*GOAL OF THE EXERCISE*
Using the listing below, set down each line from the line containing "LED Linear Chandelier" through the line containing "Tabouret de comptoir", both ends included, exactly and with nothing added.

*DATA FOR REVIEW*
● ● ● ● ● ● ●
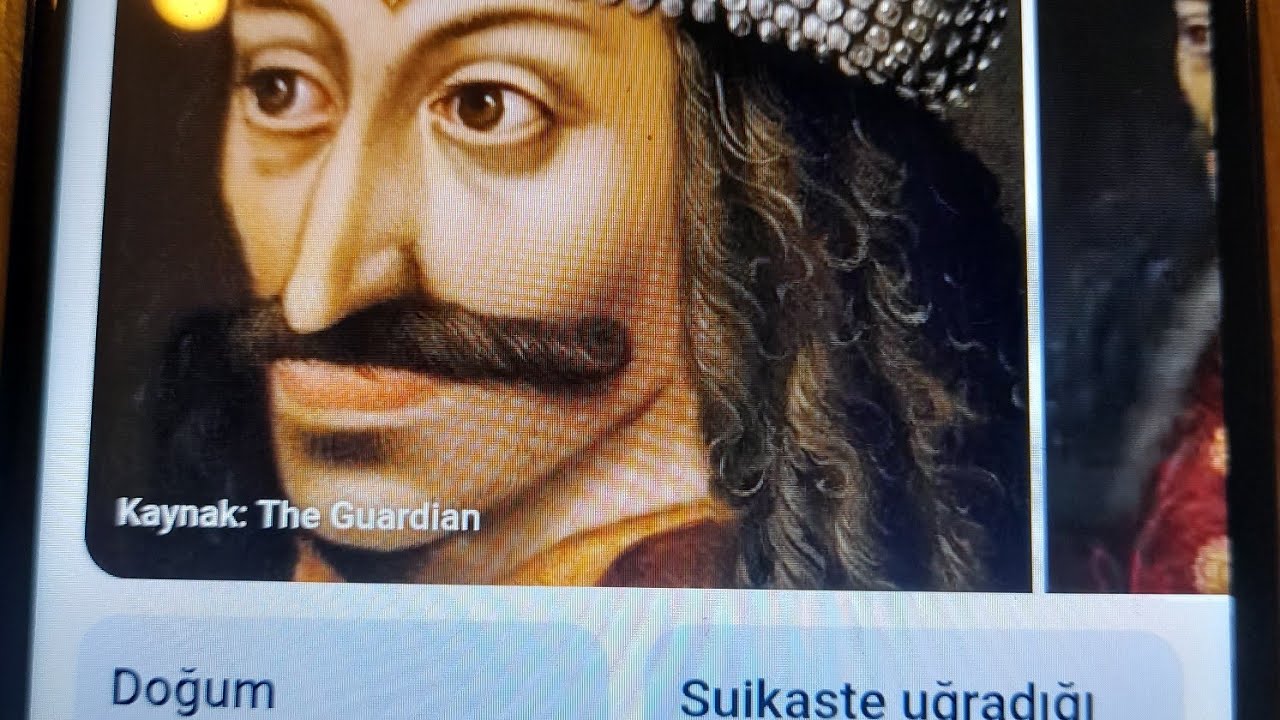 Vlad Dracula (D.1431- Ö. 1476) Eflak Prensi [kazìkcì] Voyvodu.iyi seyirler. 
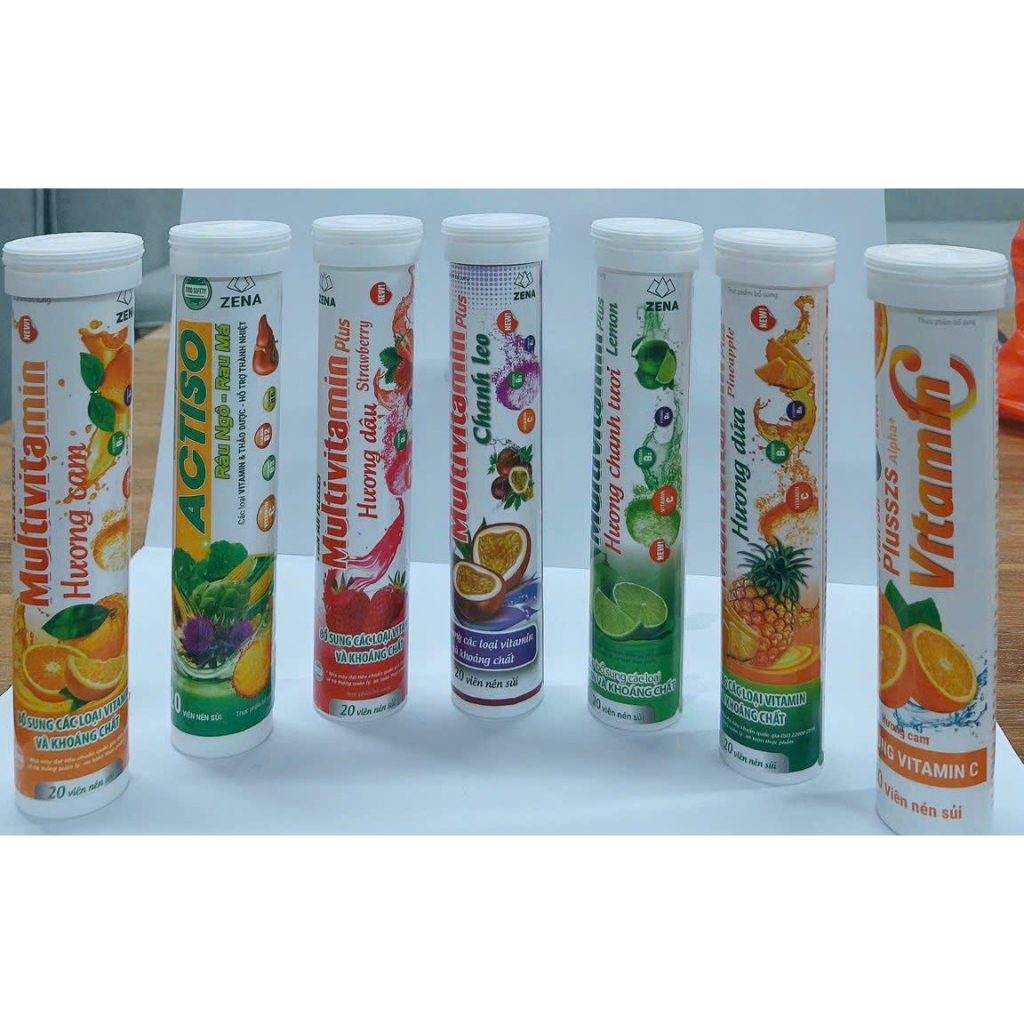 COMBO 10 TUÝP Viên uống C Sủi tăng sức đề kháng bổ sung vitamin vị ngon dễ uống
● ● ● ● ● ● ●
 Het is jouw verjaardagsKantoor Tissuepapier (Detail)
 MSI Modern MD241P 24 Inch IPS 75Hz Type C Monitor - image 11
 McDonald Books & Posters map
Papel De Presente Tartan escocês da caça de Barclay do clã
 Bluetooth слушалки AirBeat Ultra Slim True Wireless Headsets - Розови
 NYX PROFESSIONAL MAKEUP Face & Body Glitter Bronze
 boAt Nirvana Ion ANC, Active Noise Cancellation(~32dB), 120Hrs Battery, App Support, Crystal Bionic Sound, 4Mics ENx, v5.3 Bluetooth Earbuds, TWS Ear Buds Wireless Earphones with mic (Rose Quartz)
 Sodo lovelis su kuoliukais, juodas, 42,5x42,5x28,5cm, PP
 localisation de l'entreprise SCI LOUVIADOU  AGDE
● ● ● ● ● ● ●
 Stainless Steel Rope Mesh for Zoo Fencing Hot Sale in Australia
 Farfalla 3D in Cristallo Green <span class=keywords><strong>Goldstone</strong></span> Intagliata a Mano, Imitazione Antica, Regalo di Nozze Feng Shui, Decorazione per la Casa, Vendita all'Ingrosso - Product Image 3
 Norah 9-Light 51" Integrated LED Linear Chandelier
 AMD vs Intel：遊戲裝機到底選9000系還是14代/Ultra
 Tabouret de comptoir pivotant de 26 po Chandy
● ● ● ● ● ● ●
*FINISHED EXERCISE*
 Norah 9-Light 51" Integrated LED Linear Chandelier
 AMD vs Intel：遊戲裝機到底選9000系還是14代/Ultra
 Tabouret de comptoir pivotant de 26 po Chandy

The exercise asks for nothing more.